The side (and Mark Hughes) have come in for plenty of critcism during the run of seven draws for displaying a hesitancy that sides with ambition should not be showing. Both on Wednesday and today though there was none of that. After conceding an unfortunate opening goal, the side picked themselves up and went back at Chelsea. Then, after equalising before half-time they didn't retreat back, happy with a point. They constantly attacked and pressed to a man, allowing Chelsea no time to settle and got just rewards.

Interestingly, whilst the defence has been bashed in the press Hughes constantly focused on the importance of defending as a team. Today, right through to the final minutes of injury time the front line were flying into tackles and pressuring the Chelsea defence.

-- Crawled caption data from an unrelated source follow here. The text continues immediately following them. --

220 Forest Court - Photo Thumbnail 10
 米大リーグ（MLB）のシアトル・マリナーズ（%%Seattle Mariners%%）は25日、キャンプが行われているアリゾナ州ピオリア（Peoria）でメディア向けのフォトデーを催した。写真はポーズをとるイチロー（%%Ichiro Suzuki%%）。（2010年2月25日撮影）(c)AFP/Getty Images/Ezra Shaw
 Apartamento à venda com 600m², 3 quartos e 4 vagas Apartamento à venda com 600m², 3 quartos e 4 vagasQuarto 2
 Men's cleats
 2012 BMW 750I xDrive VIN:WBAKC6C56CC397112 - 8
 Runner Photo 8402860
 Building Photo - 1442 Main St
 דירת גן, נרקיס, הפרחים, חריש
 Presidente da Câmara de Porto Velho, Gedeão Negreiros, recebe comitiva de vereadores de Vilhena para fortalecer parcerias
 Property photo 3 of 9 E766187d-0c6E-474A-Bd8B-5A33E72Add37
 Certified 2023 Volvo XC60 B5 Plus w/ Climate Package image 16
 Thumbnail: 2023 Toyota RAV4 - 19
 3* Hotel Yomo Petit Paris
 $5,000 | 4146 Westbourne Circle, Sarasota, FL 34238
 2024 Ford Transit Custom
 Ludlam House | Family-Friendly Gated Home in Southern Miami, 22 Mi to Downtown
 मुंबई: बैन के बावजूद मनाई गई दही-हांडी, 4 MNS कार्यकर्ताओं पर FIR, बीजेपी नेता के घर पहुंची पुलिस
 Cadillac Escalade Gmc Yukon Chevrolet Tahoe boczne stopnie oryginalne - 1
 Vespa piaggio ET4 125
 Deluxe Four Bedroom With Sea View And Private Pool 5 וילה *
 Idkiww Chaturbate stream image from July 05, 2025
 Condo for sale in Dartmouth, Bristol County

I wrote in the preview of the game that the key for us to beat Chelsea was with the pace in the side. Against Arsenal we showed flashes of that but today displayed just what quality in attack there is in the side. The workrate of Tevez and Adebayor was aligned with their undoubted quality, and this was augmented perfectly by the dangerous and roving runs of both Wright-Phillips and Robinho. Some of the football played between this quartet was of the highest quality, and stretching as good a defence as Chelsea have is no easy task.

Whilst Stephen Ireland missed out through injury, in terms of balance of the side he was not missed. Nigel de Jong came back into the line up and the pairing of him and Gareth Barry was tenacious, breaking up Chelsea attacks and launching our own offensives.

Individually and as a unit, this was the defences finest hour. Micah Richards may have been fortunate to regain his place in the side but he - injury now permitting - has grasped the position back. Toure and Lescott were strong against Drogba whilst Bridge was committed and attacking in equal measure.

Shay Given again proved his quality too. Not called on to deal with a whole lot, but made a superb triple save prior to Chelsea's goal and then an excellent save from Lampard's penalty to safeguard the three points.

We have now played each of the top four sides once this season. We have posted two wins, a draw and a defeat. We have the quality in the side to challenge for those places, but having the mentality is a different matter.

I did suggest after last weekend that Arsenal and Chelsea could be two ideal games for us in that the side would have something to prove. Having done that, the mentality now needs to be go on a run and accumulate points on a consistent basis no matter the opposition.

The Reebok stadium next week would be a good place to start.

vote it up!

1 comment:

newsoftheblues said...

Whilst Stephen Ireland missed out through injury, in terms of balance of the side he was not missed
key point, we looked a better side without him.

I was impressed with robinho discipline, he helpd his position at the end, didnt bomb forward, his passign was brilliant and he wasnt too falmboyant, a real team effort from the lad, he wont hit the headlines for it, but i was impressed.


I have stressed the point previously, City would raise their games for the arsenals and chelsea, but the response we want to see is if we cant do it at bolton, or sunderland or wigan......
If we beat the likes of fulham, hull, a loss against chelsea would of been forgiven. We go about things still with the old small club mantality!